April 17, 2013 / 12:44 PM / 7 years ago

Bank of America's Countrywide in record $500 million mortgage settlement

(Reuters) - Bank of America Corp has reached a record $500 million settlement with investors who claimed they were misled by its Countrywide unit into buying risky mortgage debt.

The settlement is the largest to resolve federal class-action litigation over mortgage-backed securities, surpassing a $315 million accord with the bank’s Merrill Lynch unit that won court approval last May.

Bank of America said the settlement resolves claims on about 80 percent of the unpaid principal balance of Countrywide-issued residential mortgage-backed securities, and 70 percent of similar claims against the bank overall.

The accord requires approval by U.S. District Judge Mariana Pfaelzer in Los Angeles.

It is separate from an $8.5 billion Bank of America settlement being reviewed in a New York state court over Countrywide securities.

The second-largest U.S. bank still faces mortgage litigation by the Federal Housing Finance Agency on behalf of mortgage financiers Fannie Mae and Freddie Mac, and by the insurer American International Group Inc.

“I don’t think anyone’s going to ever at this point declare victory,” Bruce Thompson, the bank’s chief financial officer, said on a conference call discussing first-quarter results. “We’re moving through in a pretty meaningful way this pipeline of items.”

Bank of America said it had by March 31 set aside enough money to cover the settlement, which resolves three consolidated lawsuits.

The Charlotte, North Carolina-based bank bought the former Countrywide Financial Corp for $2.5 billion in July 2008, but analysts have put the effective cost at more than $40 billion, reflecting lawsuits, loan buybacks and writedowns.

Other banks such as Goldman Sachs Group Inc, JPMorgan Chase & Co and Morgan Stanley still face lawsuits by investors who claim they were misled about mortgage debt.

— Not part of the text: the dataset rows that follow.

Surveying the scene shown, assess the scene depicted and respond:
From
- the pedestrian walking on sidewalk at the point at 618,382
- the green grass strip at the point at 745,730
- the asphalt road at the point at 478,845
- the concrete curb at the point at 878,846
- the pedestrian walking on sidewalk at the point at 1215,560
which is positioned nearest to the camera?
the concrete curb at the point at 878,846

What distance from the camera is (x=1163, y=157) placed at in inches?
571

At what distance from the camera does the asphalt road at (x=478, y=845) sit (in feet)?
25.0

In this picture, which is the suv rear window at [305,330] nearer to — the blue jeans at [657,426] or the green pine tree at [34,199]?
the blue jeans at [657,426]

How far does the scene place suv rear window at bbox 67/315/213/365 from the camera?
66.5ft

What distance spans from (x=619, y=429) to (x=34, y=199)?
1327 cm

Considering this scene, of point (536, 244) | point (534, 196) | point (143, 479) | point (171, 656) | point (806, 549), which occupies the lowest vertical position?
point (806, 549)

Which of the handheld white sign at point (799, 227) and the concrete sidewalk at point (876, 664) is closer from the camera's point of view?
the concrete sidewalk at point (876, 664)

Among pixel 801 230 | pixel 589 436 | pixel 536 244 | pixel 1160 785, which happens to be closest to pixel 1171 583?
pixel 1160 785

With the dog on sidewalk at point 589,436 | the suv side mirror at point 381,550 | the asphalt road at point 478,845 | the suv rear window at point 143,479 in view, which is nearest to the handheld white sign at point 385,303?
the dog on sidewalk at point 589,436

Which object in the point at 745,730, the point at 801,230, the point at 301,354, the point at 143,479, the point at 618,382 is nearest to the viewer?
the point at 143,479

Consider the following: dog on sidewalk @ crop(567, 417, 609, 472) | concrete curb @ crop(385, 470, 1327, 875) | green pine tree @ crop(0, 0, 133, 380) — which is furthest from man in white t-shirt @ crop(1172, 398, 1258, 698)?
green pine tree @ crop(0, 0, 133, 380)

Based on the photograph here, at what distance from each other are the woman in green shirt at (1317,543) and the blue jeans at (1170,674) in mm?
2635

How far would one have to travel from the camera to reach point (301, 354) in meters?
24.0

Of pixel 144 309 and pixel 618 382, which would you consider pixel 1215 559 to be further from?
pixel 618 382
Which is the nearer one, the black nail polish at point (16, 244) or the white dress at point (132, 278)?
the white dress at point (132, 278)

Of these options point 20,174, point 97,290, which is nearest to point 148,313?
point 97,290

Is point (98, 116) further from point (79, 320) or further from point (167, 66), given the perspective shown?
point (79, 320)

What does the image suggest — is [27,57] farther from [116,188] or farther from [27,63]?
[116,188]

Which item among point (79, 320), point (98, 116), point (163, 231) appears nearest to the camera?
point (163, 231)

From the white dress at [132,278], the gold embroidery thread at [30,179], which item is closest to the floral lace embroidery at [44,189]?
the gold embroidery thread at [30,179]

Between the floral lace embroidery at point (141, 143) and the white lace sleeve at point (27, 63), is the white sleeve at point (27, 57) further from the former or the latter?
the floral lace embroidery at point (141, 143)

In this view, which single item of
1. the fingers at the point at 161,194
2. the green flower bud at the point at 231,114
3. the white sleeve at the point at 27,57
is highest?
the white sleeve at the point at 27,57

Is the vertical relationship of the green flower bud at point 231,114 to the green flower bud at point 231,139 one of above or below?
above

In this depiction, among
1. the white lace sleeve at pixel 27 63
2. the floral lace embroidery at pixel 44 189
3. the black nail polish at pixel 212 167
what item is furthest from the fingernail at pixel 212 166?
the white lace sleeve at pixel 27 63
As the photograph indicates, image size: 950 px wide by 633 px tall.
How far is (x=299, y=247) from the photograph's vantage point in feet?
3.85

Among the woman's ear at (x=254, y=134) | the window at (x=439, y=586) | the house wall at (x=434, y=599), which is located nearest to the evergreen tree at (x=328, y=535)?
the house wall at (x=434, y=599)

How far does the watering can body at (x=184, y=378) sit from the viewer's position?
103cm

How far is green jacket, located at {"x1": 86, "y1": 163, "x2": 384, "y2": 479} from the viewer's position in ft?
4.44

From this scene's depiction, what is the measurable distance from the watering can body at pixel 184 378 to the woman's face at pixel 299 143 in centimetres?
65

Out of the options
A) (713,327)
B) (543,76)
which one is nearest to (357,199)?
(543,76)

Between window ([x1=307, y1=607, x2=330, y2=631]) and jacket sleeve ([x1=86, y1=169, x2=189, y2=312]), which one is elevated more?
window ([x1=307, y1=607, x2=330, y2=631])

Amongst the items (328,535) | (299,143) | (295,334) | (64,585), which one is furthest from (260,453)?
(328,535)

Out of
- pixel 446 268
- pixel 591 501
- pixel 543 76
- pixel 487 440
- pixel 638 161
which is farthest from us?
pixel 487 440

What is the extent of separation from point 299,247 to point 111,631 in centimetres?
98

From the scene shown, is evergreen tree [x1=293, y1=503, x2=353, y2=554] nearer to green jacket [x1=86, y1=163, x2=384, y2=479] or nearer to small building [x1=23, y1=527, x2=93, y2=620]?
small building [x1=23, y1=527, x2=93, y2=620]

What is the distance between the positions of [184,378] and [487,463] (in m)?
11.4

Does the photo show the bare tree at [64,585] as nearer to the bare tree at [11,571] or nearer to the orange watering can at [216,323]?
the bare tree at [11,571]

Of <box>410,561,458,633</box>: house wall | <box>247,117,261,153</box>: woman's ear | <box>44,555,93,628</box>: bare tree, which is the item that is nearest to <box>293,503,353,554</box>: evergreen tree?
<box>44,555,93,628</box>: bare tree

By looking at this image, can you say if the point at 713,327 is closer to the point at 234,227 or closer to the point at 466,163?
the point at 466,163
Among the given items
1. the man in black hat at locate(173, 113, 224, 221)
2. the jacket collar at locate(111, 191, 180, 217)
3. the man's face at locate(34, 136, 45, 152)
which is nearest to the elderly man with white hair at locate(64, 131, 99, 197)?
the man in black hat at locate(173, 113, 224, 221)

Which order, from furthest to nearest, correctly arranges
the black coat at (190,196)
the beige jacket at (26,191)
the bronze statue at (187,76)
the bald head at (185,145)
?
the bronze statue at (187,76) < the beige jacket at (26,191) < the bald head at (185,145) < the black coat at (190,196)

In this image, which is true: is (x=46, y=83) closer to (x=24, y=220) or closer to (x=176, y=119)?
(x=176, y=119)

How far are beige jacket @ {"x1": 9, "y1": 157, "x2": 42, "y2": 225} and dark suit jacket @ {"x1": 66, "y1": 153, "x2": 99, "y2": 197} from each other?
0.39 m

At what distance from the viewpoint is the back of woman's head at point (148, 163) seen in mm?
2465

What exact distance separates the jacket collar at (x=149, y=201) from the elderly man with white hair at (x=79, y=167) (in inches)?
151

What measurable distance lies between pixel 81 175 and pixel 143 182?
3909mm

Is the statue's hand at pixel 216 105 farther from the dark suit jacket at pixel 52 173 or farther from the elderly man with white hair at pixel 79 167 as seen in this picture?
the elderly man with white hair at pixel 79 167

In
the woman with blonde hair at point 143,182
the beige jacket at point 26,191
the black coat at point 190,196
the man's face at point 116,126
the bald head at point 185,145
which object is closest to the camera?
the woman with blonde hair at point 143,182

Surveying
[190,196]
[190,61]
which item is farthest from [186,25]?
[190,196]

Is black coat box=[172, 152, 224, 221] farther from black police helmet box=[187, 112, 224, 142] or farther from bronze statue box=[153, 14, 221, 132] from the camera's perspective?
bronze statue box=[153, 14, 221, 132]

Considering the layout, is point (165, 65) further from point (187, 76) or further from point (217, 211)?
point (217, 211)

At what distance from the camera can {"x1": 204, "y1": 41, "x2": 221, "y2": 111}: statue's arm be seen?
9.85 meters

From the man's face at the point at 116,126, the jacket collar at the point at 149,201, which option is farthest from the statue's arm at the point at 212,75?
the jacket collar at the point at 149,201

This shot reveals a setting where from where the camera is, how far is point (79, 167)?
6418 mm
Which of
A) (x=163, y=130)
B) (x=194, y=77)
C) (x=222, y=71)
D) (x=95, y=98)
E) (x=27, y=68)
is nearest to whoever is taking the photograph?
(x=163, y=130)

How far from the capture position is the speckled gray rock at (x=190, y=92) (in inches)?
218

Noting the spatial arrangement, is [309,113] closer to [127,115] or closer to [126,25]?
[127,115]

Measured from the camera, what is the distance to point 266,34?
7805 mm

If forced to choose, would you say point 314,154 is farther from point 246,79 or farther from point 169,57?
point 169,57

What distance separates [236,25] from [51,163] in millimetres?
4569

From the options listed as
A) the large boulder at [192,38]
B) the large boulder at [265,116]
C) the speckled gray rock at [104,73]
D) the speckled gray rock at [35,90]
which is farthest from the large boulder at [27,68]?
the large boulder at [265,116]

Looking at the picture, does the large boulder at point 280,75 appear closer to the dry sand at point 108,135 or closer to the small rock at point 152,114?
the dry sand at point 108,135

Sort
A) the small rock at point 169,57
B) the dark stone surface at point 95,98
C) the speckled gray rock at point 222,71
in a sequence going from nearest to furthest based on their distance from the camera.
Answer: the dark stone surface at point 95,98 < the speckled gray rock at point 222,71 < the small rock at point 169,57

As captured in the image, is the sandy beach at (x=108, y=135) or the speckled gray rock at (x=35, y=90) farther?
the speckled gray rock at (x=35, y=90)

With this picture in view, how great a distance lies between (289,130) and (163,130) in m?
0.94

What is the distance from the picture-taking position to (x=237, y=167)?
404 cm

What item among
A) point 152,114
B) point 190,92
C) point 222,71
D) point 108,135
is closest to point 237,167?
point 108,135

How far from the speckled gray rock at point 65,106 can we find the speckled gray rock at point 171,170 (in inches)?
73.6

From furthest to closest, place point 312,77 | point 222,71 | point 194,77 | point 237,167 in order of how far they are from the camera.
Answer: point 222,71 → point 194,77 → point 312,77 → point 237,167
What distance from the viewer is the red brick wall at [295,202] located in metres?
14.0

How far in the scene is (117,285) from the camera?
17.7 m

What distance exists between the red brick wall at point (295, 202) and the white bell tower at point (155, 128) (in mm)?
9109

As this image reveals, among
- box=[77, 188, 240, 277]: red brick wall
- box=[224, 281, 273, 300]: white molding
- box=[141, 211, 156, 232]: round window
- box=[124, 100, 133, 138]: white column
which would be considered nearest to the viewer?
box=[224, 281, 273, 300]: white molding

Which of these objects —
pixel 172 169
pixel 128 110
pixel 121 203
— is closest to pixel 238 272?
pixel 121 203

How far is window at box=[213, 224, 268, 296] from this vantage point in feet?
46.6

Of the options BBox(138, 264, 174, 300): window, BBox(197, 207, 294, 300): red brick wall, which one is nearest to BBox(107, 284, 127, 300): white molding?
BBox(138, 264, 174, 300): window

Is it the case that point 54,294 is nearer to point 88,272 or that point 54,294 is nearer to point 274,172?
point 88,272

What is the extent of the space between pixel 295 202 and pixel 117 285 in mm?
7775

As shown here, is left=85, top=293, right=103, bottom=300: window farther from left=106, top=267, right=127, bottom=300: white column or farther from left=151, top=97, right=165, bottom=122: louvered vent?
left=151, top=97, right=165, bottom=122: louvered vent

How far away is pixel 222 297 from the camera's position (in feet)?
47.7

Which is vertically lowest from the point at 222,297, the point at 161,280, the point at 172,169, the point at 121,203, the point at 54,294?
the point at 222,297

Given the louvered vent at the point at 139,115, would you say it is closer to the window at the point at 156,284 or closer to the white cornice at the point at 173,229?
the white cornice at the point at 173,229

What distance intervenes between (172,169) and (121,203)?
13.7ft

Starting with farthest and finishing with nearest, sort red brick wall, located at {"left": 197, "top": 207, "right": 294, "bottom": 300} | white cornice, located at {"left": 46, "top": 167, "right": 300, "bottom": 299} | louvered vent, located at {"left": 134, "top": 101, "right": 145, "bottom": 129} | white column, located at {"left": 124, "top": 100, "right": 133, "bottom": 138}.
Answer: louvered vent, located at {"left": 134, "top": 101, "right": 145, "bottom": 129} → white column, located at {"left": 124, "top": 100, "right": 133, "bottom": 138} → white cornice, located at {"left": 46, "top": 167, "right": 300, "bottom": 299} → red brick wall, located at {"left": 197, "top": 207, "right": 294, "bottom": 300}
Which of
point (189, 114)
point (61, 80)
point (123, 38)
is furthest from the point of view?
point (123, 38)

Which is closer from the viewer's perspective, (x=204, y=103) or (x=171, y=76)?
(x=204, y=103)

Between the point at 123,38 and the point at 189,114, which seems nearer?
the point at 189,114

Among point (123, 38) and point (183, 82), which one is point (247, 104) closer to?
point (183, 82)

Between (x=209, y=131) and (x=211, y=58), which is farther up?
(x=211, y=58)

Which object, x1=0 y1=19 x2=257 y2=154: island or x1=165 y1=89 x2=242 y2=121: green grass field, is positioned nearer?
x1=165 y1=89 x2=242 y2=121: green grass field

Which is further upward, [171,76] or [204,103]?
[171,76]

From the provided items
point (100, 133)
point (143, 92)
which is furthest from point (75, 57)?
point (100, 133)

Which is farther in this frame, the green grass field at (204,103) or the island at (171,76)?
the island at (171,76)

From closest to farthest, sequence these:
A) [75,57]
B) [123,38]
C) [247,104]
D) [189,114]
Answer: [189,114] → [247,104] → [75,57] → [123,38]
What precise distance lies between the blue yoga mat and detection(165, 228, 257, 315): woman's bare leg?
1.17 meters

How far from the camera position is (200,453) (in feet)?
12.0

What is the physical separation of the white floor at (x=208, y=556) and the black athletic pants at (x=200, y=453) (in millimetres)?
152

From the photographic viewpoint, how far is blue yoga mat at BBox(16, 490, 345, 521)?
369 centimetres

In the Countrywide case, investors including Dubai’s Mashreq Bank and public and union pension funds in California, Maine, Nevada, Vermont and Washington state claimed they were misled about the risks of securities they bought between 2005 and 2007.

At the time, Countrywide was the largest U.S. mortgage lender, and specialized in loans to people who had weak credit histories or could not fully document their ability to pay.

The Countrywide litigation at one time covered roughly $352 billion of securities. Pfaelzer, however, significantly narrowed the case by ruling that investors could sue over only securities they bought, not those with similar qualities.

Spencer Burkholz, a partner at Robbins Geller Rudman & Dowd who represents some of the plaintiffs, estimated that about $15 billion of securities remained in the litigation.

But he said the $500 million payout, equal to more than 3 percent of principal before fees and costs, compares favorably to the roughly 1.9 percent multiple in the Merrill settlement.

“Considering the complexities and the bank’s defenses, it’s a great recovery, especially when compared with earlier settlements,” Burkholz said in a phone interview.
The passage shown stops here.